1. De klachtenfunctionaris draagt zorg voor de registratie van klachten als bedoeld in artikel 9:12a van de Algemene wet bestuursrecht.

2. De geregistreerde klachten worden in het jaarverslag NMa/DTe gepubliceerd onder vermelding van de wijze van afdoening.

Artikel 6

Dit besluit zal worden bekendgemaakt in de Staatscourant en treedt in werking met ingang van de tweede dag na de dagtekening van de Staatscourant waarin het wordt geplaatst.

Artikel 7

Dit besluit wordt aangehaald als: Besluit klachtenfunctionaris NMa/DTe.
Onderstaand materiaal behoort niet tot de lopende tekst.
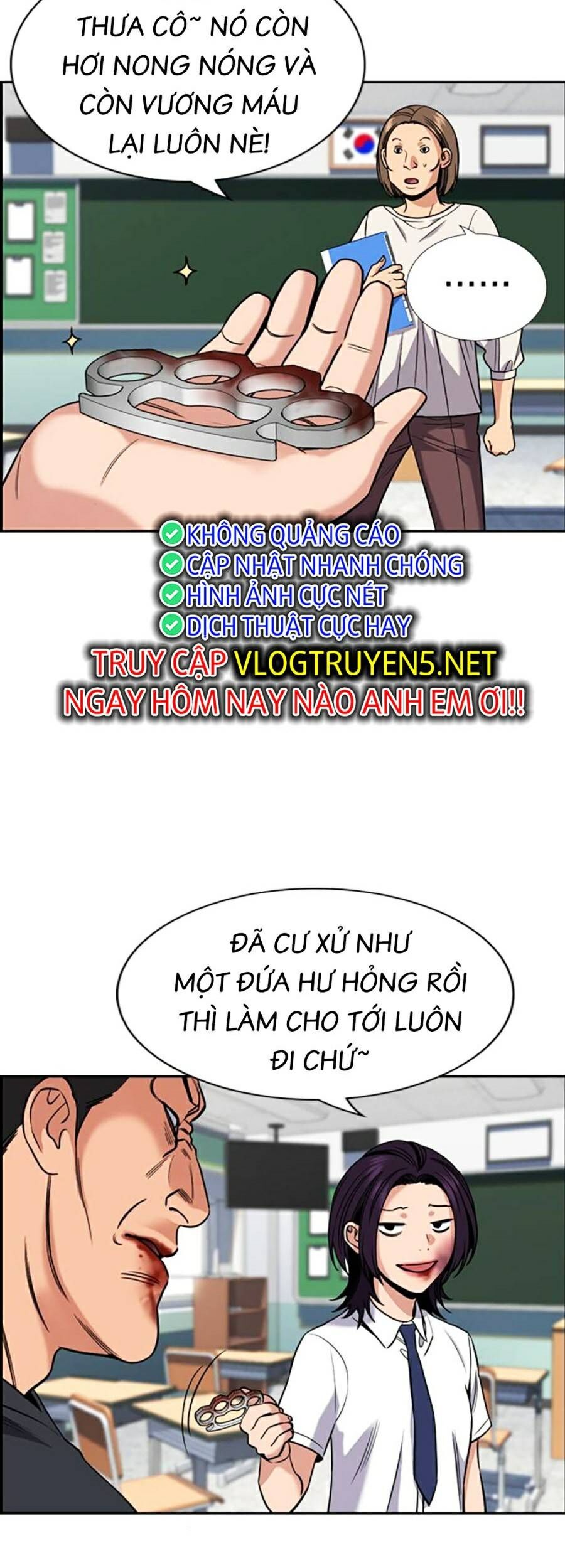 Giáo Dục Chân Chính Chapter 121 - Trang 2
Den Haag, 6 september 2001.
De directeur-generaal van de Nederlandse mededingingsautoriteit,
A.W. Kist.
De directeur van de Dienst uitvoering en toezicht Energie,
J.J. de Jong.

Toelichting

Dit besluit heeft betrekking op de behandeling van klachten over het optreden van de NMa/DTe en aldaar werkzame personen. Het gaat niet over de behandeling van klachten die op grond van de Mededingingswet of andere regelingen bij de NMa/DTe aanhangig kunnen worden gemaakt. Daarvoor biedt met name de Mededingingswet het procedurele kader.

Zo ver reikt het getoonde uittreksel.